▶ [Supplied entries]:
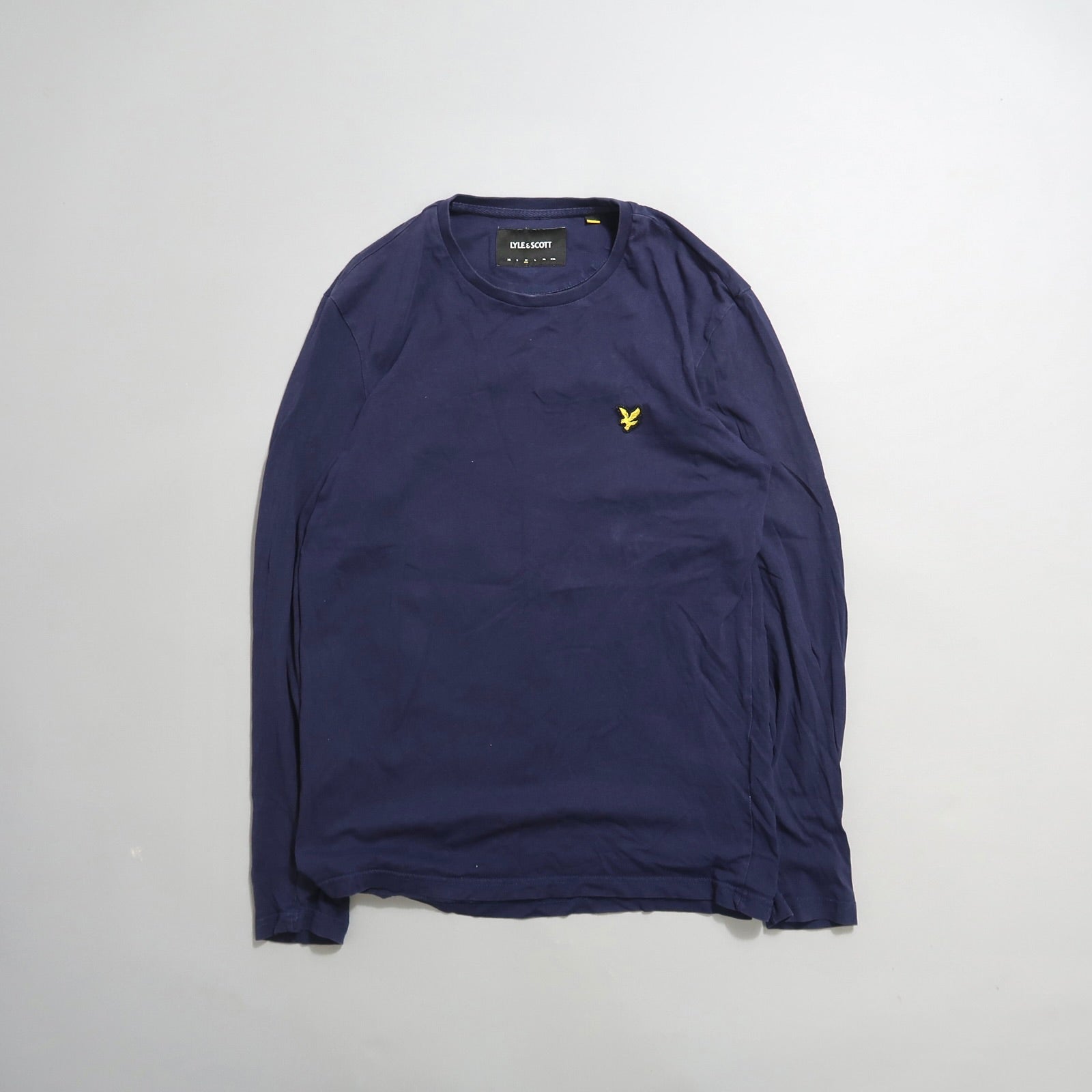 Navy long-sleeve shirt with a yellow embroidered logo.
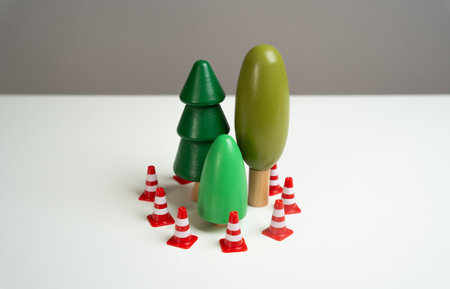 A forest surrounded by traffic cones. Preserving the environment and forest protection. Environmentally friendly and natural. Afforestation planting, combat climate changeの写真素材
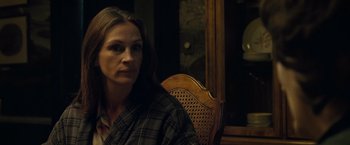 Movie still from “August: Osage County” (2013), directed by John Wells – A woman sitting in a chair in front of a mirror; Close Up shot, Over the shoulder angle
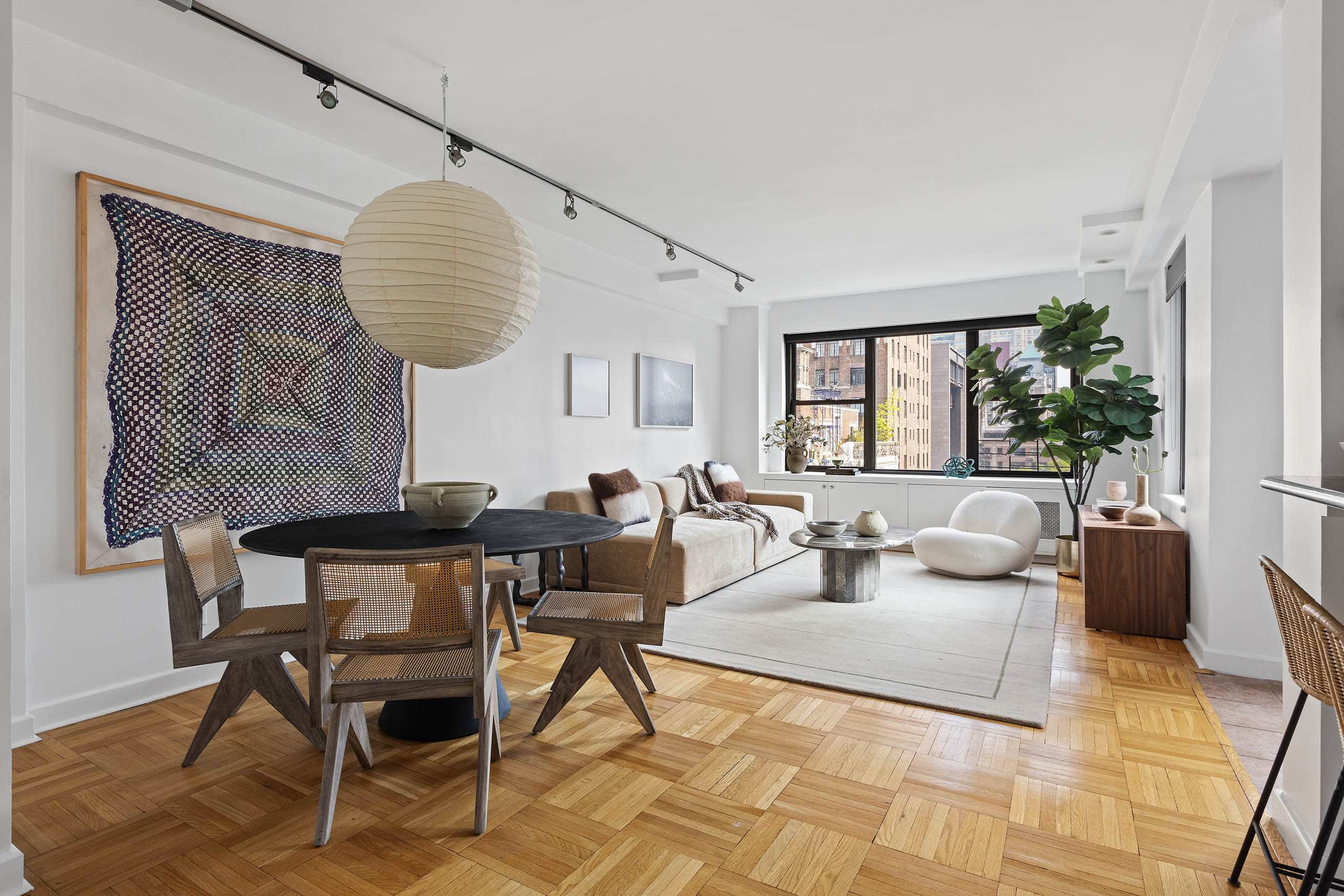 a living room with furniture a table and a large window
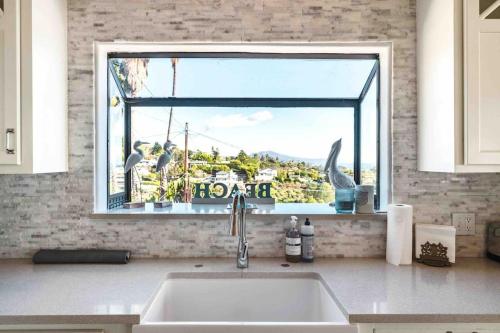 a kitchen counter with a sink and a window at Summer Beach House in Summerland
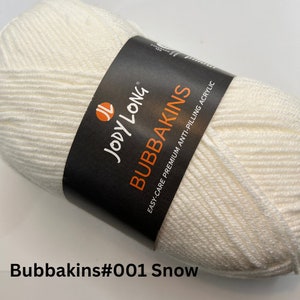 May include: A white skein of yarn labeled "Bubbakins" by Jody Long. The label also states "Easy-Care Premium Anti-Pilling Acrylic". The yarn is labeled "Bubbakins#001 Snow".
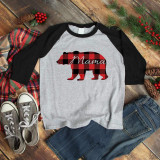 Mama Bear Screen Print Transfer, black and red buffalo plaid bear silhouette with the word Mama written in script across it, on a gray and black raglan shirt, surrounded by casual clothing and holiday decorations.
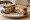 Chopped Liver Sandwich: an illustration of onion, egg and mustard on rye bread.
--
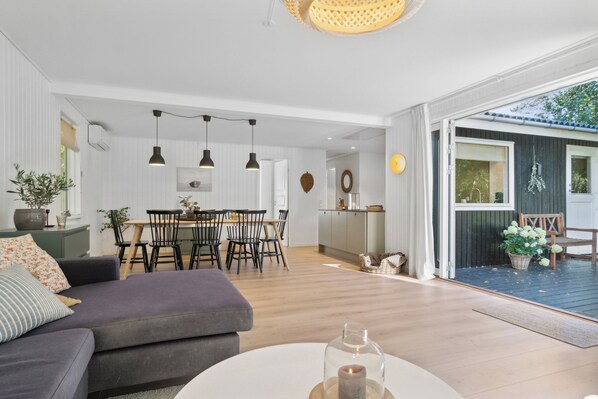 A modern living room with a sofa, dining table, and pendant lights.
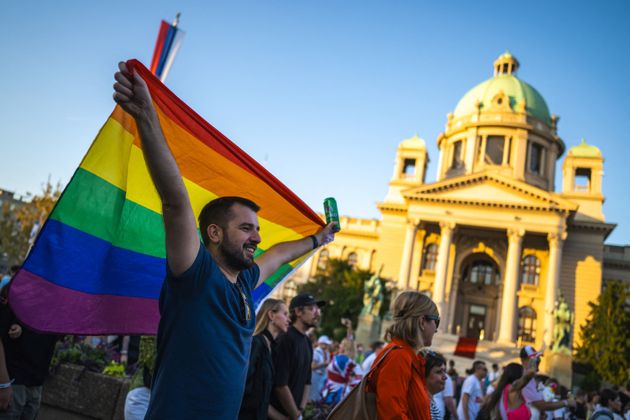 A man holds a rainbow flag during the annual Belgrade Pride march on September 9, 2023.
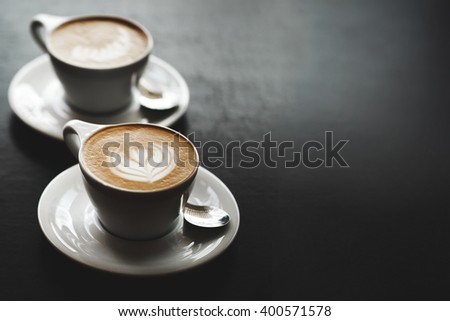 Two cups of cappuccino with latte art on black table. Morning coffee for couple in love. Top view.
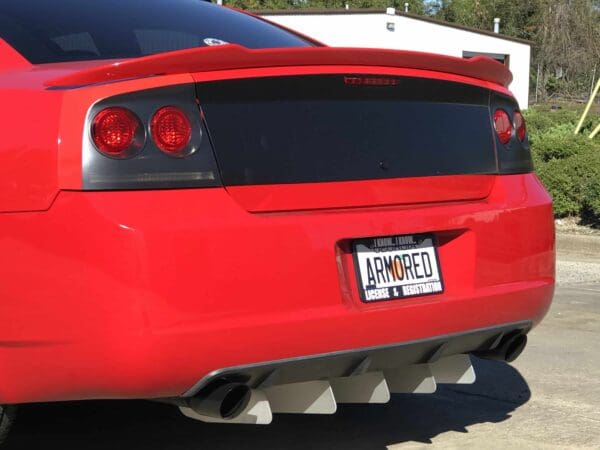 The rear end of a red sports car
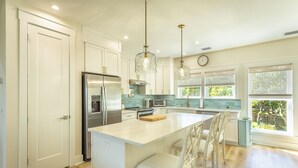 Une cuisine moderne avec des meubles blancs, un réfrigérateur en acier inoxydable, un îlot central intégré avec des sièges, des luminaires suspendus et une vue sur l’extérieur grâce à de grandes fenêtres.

▶ [What is expected]:
Pictures aside, print exactly the lines above starting with the one containing "A man holds" and going on through the one containing "Une cuisine moderne".

▶ [Task result]:
 A man holds a rainbow flag during the annual Belgrade Pride march on September 9, 2023.
 Two cups of cappuccino with latte art on black table. Morning coffee for couple in love. Top view.
 The rear end of a red sports car
 Une cuisine moderne avec des meubles blancs, un réfrigérateur en acier inoxydable, un îlot central intégré avec des sièges, des luminaires suspendus et une vue sur l’extérieur grâce à de grandes fenêtres.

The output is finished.